Grubbing around among the oratorical remains of the 1932 campaign for flavor and facts, future historians are likely to pluck out and re-examine as the most authentic and complete summation of the Democratic case last week’s radio speech by Virginia’s testy little Senator Carter Glass. The 74-year-old Lynchburg publisher got out of a sick bed to answer President Hoover’s stump speeches. Senator Glass is a political snapping turtle but no Republican has dared call the “Father of the Federal Reserve” a “wild man.”

He served through the thick of last winter’s bi-partisan Congressional struggle to keep the U. S. from going over an economic precipice. An expert on banking and currency, he packed into his speech all the things other Democratic stumpsters had been unintelligibly mouthing for weeks.

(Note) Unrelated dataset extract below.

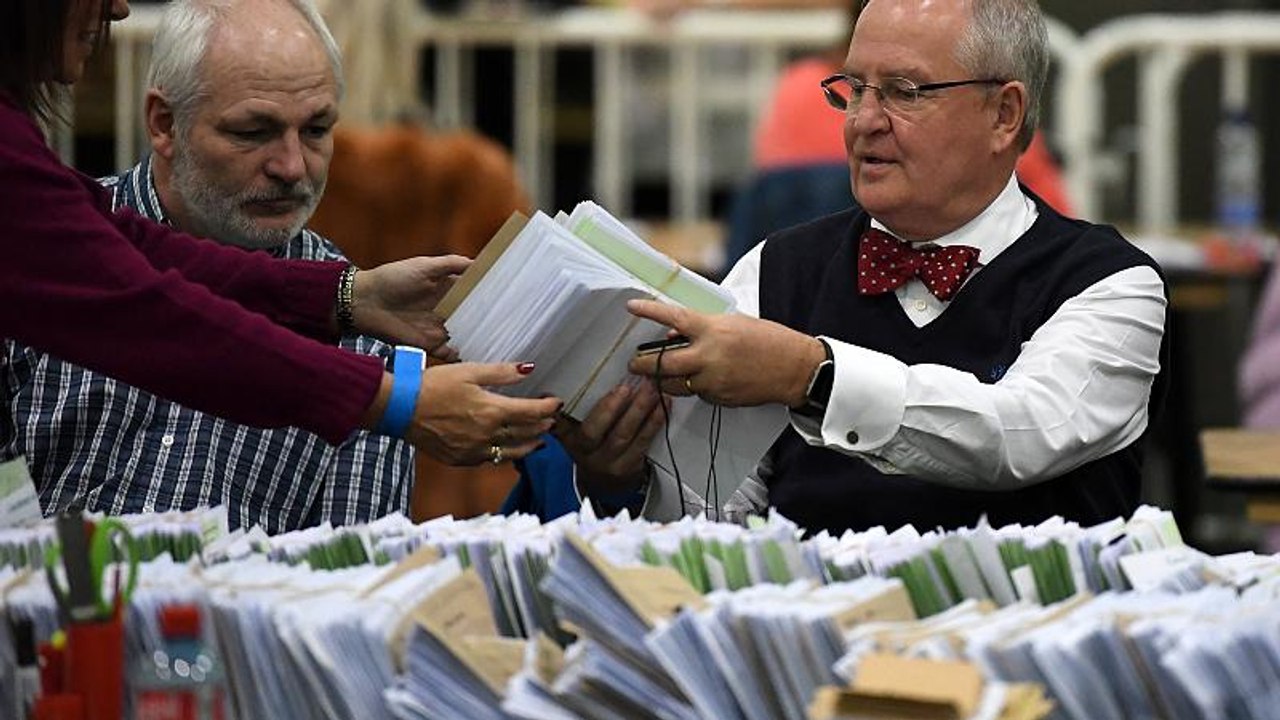 Referendum: Iren schaffen 'Gotteslästerung' ab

He began with what he called “suitable restraint”: “Neither Hans Christian Andersen nor Carl Grimm in appealing to the fancies of children ever overtaxed his imagination as President Hoover repeatedly has done in his endeavor to regain the lost favor of the American people. Contrasted, with his addresses, Aesop’s Fables deserve to rank as accurate history.”

Senator Glass argued that in the Depression of 1921-22 the U. S. liquidated the War which had no more to do with the current Depression than “the wars of the Phoenicians or the conquest of Gaul by Caesar.” Republican administrations, he declared, encouraged an “orgy of stock speculation” and President Coolidge “figuratively jumped into the stockpit and cheered on the gamblers.” Billions of dollars of foreign securities “now practically worthless” were dumped on the U. S. market. The State Department “without sanction of law” usurped the function of passing on these loans and was therefore “implicated” in the disaster. When the Senate unanimously ordered it to desist as financial censor, Secretary Stimson brushed aside the order “with a contempt that entitled him to impeachment.” Declared Senator Glass:

“When that Florentine spendthrift Lorenzo the Magnificent held sway over Continental Europe the average diplomat thought there was nothing better in life than a successful lie. The State Department in Washington has not yet learned that there are few things worse in life than a stupid lie.”

After the Crash, according to Senator Glass, President Hoover called “mass meetings” at the White House as “psychological poultices” but set his face against any definite legislative action.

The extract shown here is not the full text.